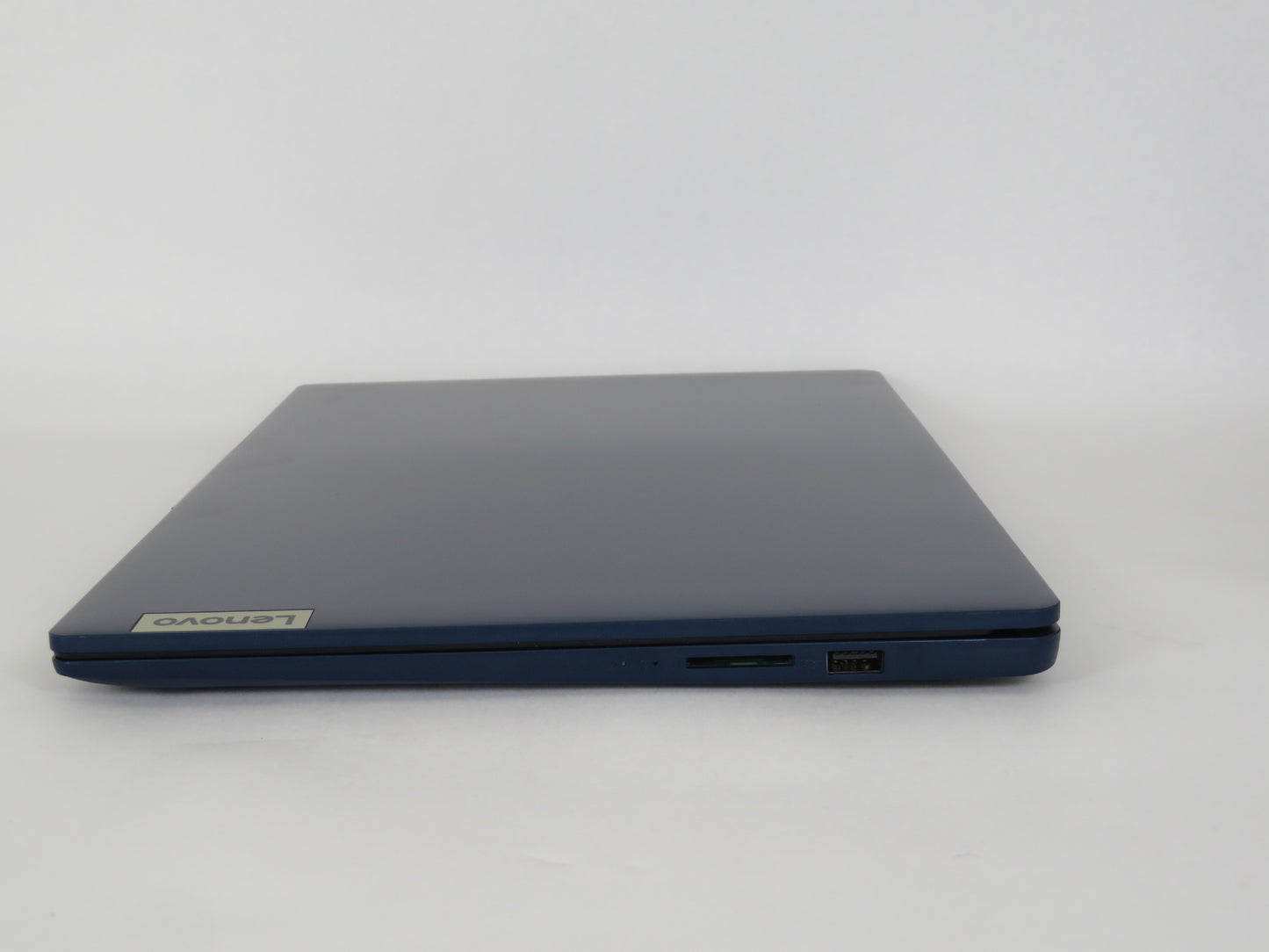 Ideapad Slim 3 15ABR8 15.6in FHD AMD Ryzen 7 7730U 2GHz 16GB RAM 512GB SSD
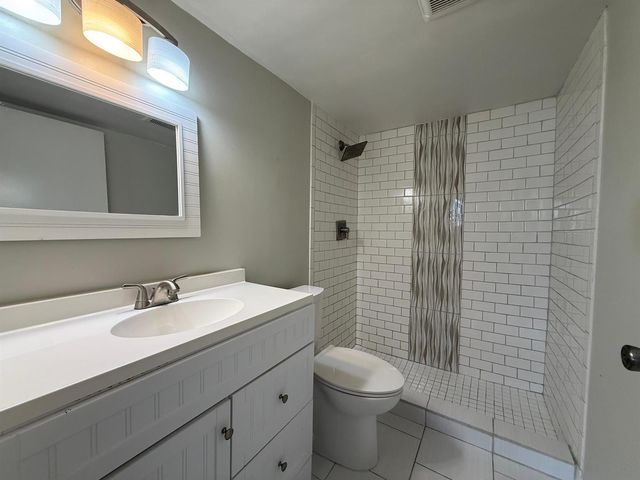 2141 W Woolbright Road L106, Boynton Beach, FL 33426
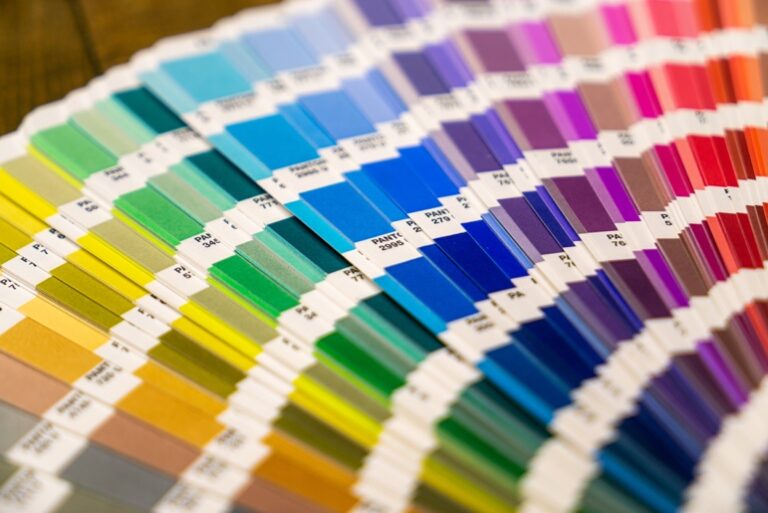 噴漆處理 (Pantone 專色)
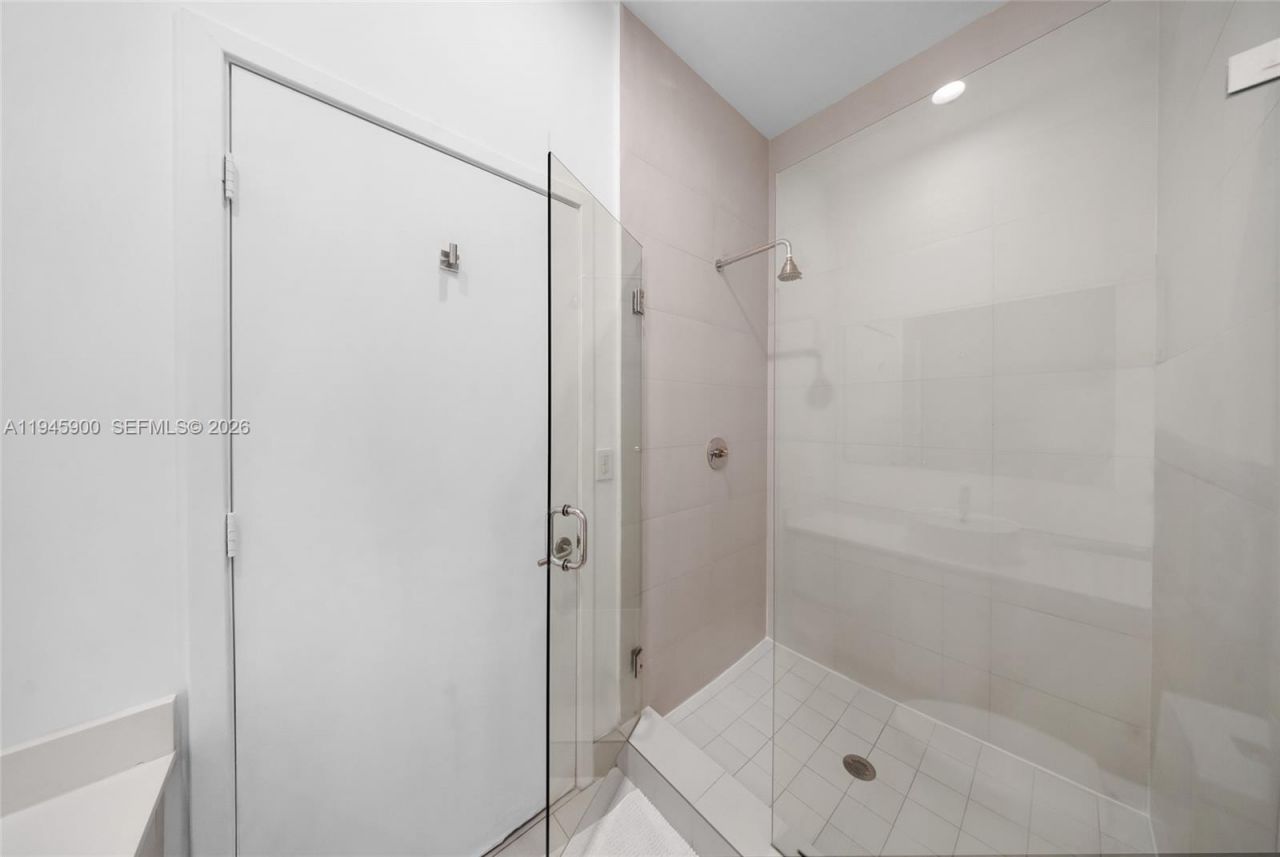 2600 E Hallandale Beach Blvd , Unit T3304, Hallandale Beach, FL 33009 Photo
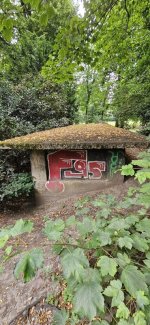 Tiefbunker Sternwartpark 3.jpg Tiefbunker Sternwartpark 3.jpg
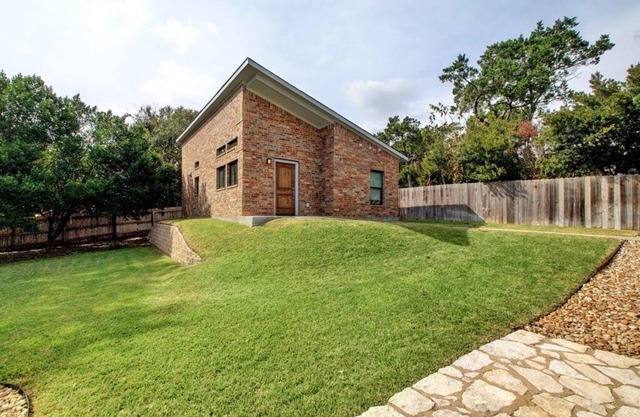 Brand New Adorable Arboretum bungalow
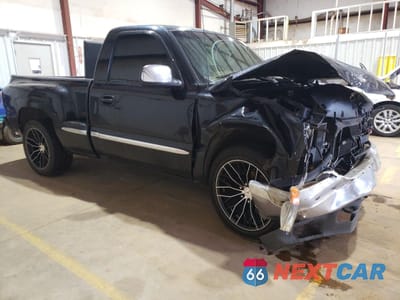 Czwarte zdjęcie samochodu z boku: 2000 GMC NEW SIERRA C1500 VIN:1GTEC14T2YZ291728 - miniatura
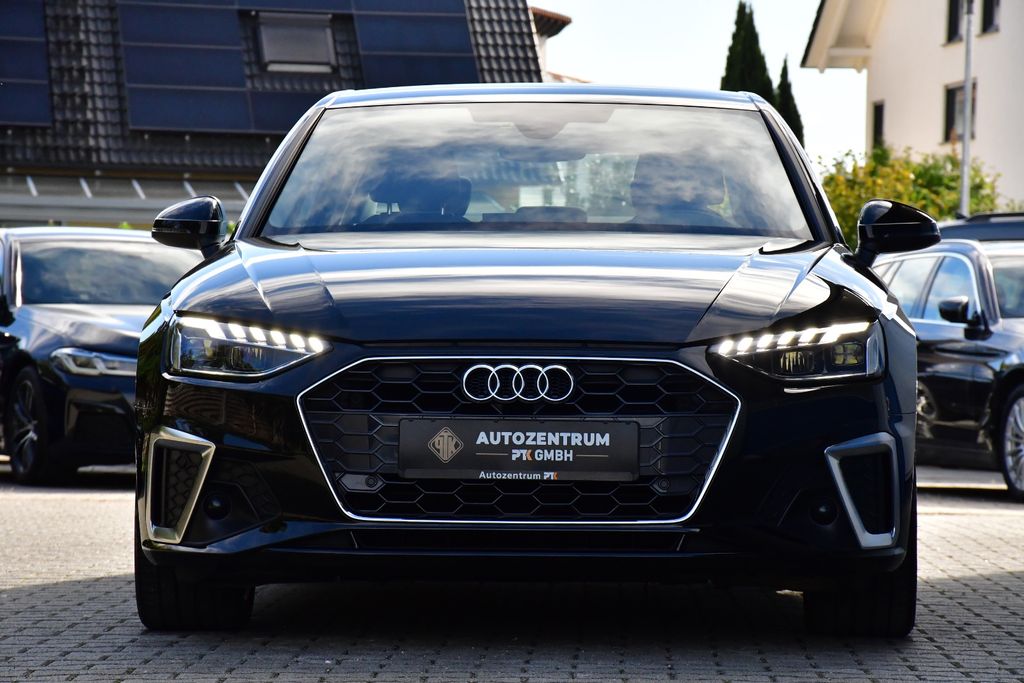 AUDI A4 2024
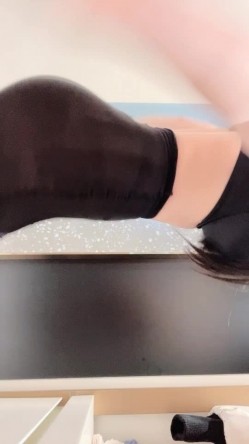丰满模特身材极品女神，超级尤物，珍珠内裤肥满一线天，实在诱惑 截图9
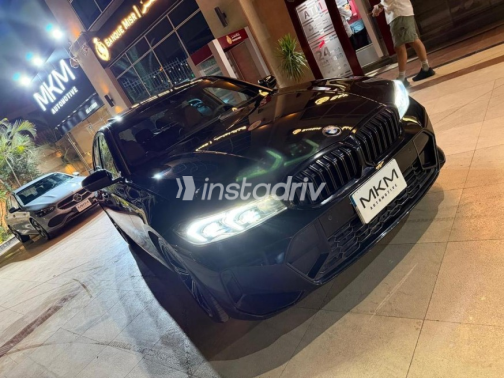بي ام دبليو 320 2024 أسود أوتوماتيك مستعملة للبيع في القاهرة - 2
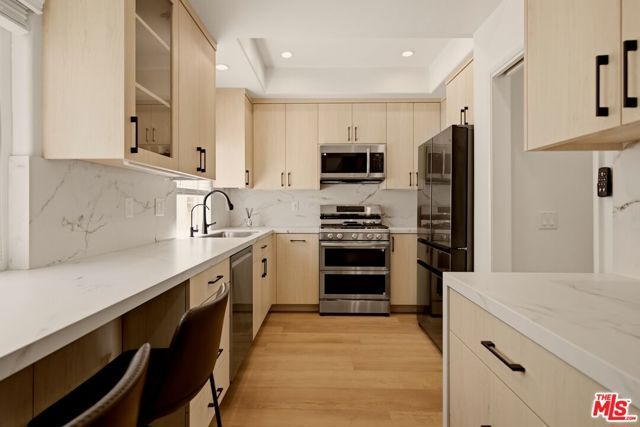 5145 Yarmouth Avenue 19, Los Angeles, CA 91316
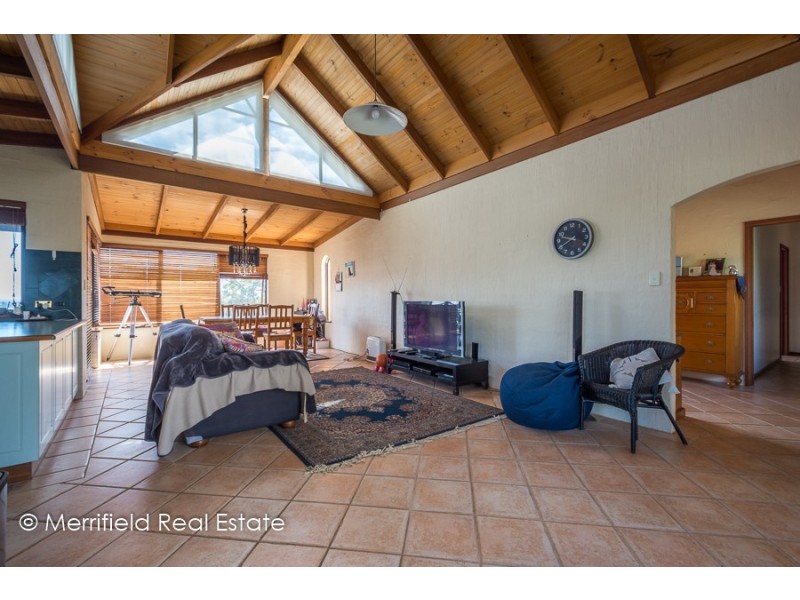 13 Melrose Street, Mount Melville WA 6330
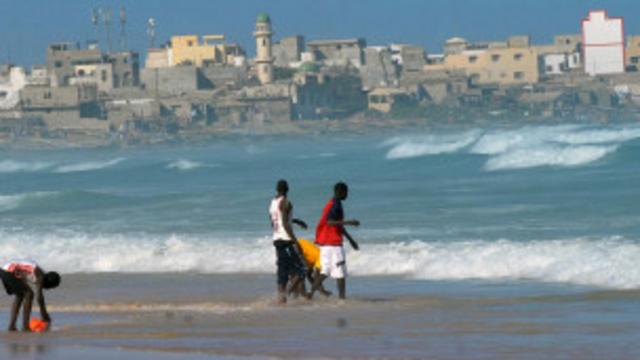 La plage à Dakar au Sénégal, pays où 73% des habitants se disent optimistes sur l'avenir. Un record mondial.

What to do -
Reproduce each line of the records exactly, and omit every picture.

Reply to the exercise -
 Ideapad Slim 3 15ABR8 15.6in FHD AMD Ryzen 7 7730U 2GHz 16GB RAM 512GB SSD
 2141 W Woolbright Road L106, Boynton Beach, FL 33426
 噴漆處理 (Pantone 專色)
 2600 E Hallandale Beach Blvd , Unit T3304, Hallandale Beach, FL 33009 Photo
 Tiefbunker Sternwartpark 3.jpg Tiefbunker Sternwartpark 3.jpg
 Brand New Adorable Arboretum bungalow
 Czwarte zdjęcie samochodu z boku: 2000 GMC NEW SIERRA C1500 VIN:1GTEC14T2YZ291728 - miniatura
 AUDI A4 2024
丰满模特身材极品女神，超级尤物，珍珠内裤肥满一线天，实在诱惑 截图9
بي ام دبليو 320 2024 أسود أوتوماتيك مستعملة للبيع في القاهرة - 2
 5145 Yarmouth Avenue 19, Los Angeles, CA 91316
 13 Melrose Street, Mount Melville WA 6330
 La plage à Dakar au Sénégal, pays où 73% des habitants se disent optimistes sur l'avenir. Un record mondial.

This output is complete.